Possible land contamination – what do I do?
Land contamination is almost always associated with past industrial land uses which leave behind contaminants in soil or water that pose unacceptable levels of risk to human health or the environment.
Contamination can be a big problem for existing landowners (particularly those who bought prior to 2000); causing property devaluation and major upheaval whilst land is cleared. You could even be asked to pay for land treatment to ensure any contamination is treated to the required standard. For developers and buyers, discovery of contamination can lead to planning conditions being imposed requiring remediation of the land, which can delay development, raise costs and ultimately make building schemes financially unviable.
The statutory regime that governs contaminated land is in Part 2A of the Environmental Protection Act 1990 (introduced in 2000). It imposes a duty on local authorities to identify contaminated land and require the appropriate person to clean it up. As a result, each council holds a contaminated land register.
What action can you take if you own contaminated land?
Existing landowners who suspect their site is contaminated, should firstly contact their local authority to see if their land is already on the contamination register. They should also investigate any purchase information such as a NHBC (National House-Building Council) certificate which may contain a warranty against contamination. Lastly, they may wish to employ an environmental consultant to undertake a site investigation and instruct a solicitor to obtain advice on liability.
Buyers and developers should ensure they undertake Environmental searches during the conveyancing process. These searches contain historical maps showing past land use and will identify land that is registered as contaminated or could be at risk of contamination. A solicitor can advise on indemnity insurance and potential liability.
Who is financially responsible for contaminated land remedy?
So, who pays for the clean-up once contamination is identified? The simple answer is the polluter pays – this means the person who caused or knowingly permitted the pollution – defined as a “Class A” appropriate person. In practice these parties can be difficult to trace or may no longer exist. In these cases, the liability passes to “Class B” appropriate persons – these are the current owners and occupiers.
Exclusion from liability and apportionment of liability is available for some “Class A” and “Class B” appropriate persons. Exclusion of a “Class A” person can for example occur where a subsequent owner has introduced pathways or receptors or have omitted to maintain a system that is intended to reduce the risk from the contaminant.
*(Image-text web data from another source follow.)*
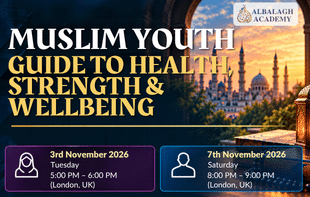 The Muslim Youth Guide to Health, Strength & Wellbeing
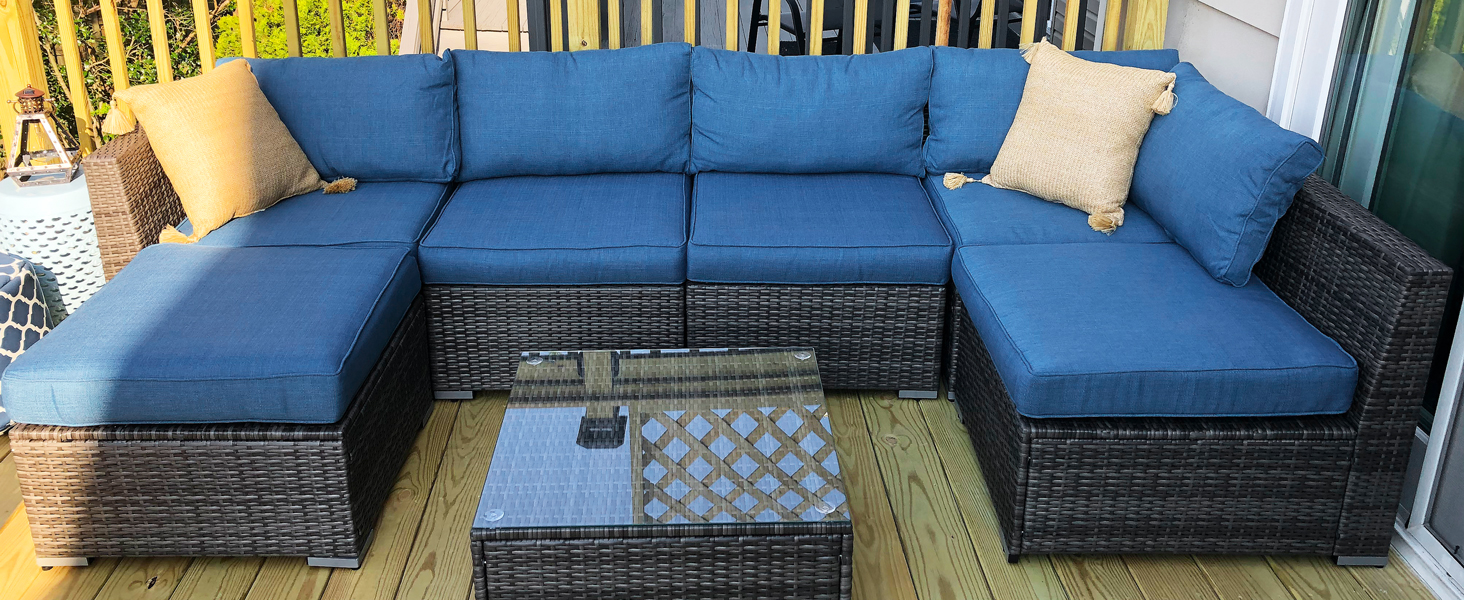 Patio Furniture Set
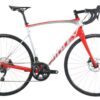 Vélo de Route Ridley Fenix SL Disc Shimano Ultegra 11V 700 mm Argent Rouge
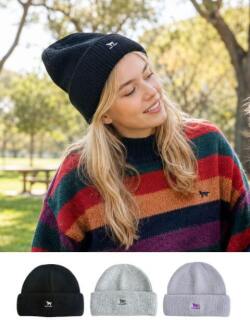 【GOODS】ニットキャップ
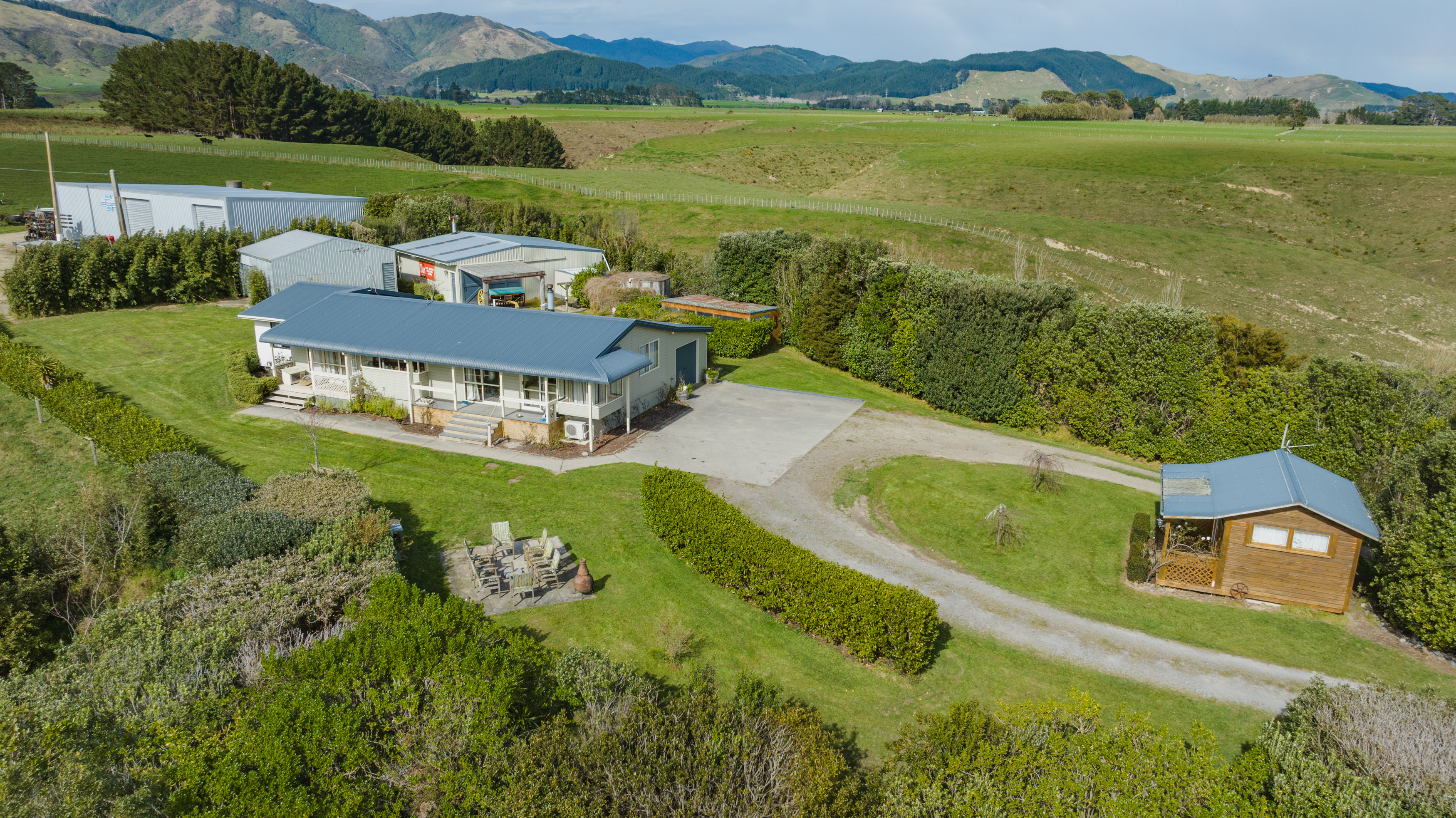 82 Kara Road, Shannon, Horowhenua, 3 ห้องนอน, 0 ห้องน้ำ, Grazing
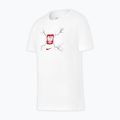 Футболна тениска Nike Graphic Poland white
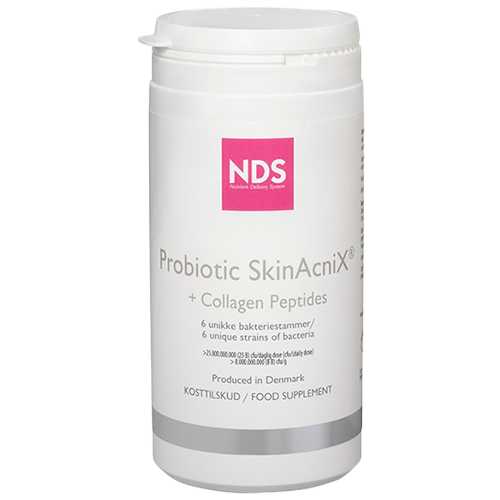 UDSALG NDS Probiotic SkinAcniX (200 g) køb billig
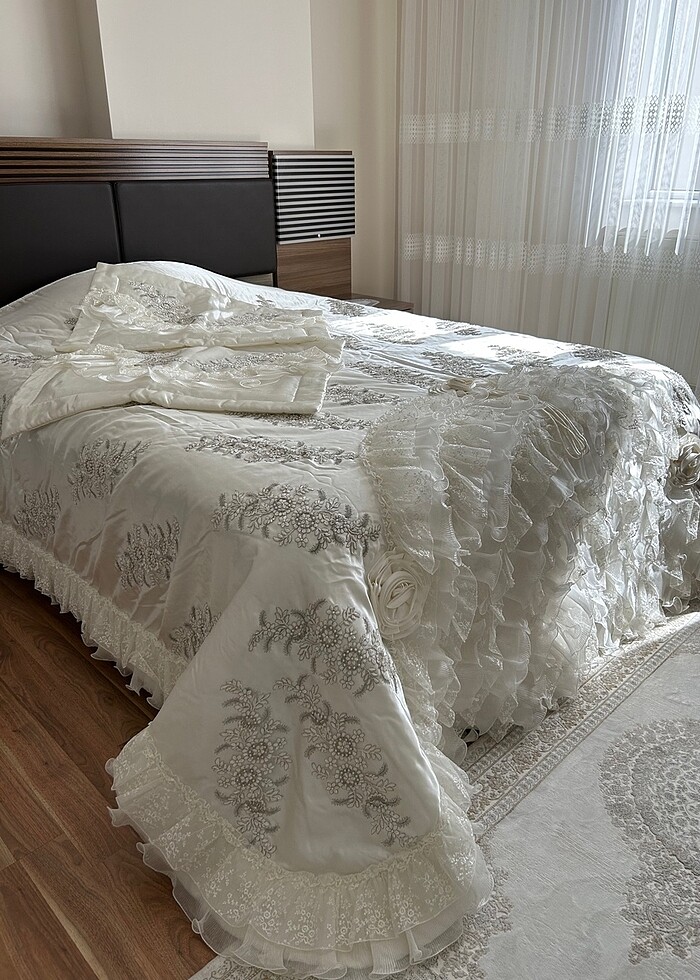 Yatak örtüsü - Görsel 4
If you are not eligible for exclusion from liability local authorities can still waive or apportion remediation costs if they are likely to exceed the land value. Costs can also be waived where an appropriate person can demonstrate that they took reasonable steps to establish the presence of contaminants and could not reasonably be expected to be aware of their presence, and the local authority considers it reasonable that the person should not bear the whole cost of remediation.
Whether you are buying land for development which may be contaminated or you are an existing homeowner with concerns about land under your property; it is important to receive specialist legal advice as early as possible.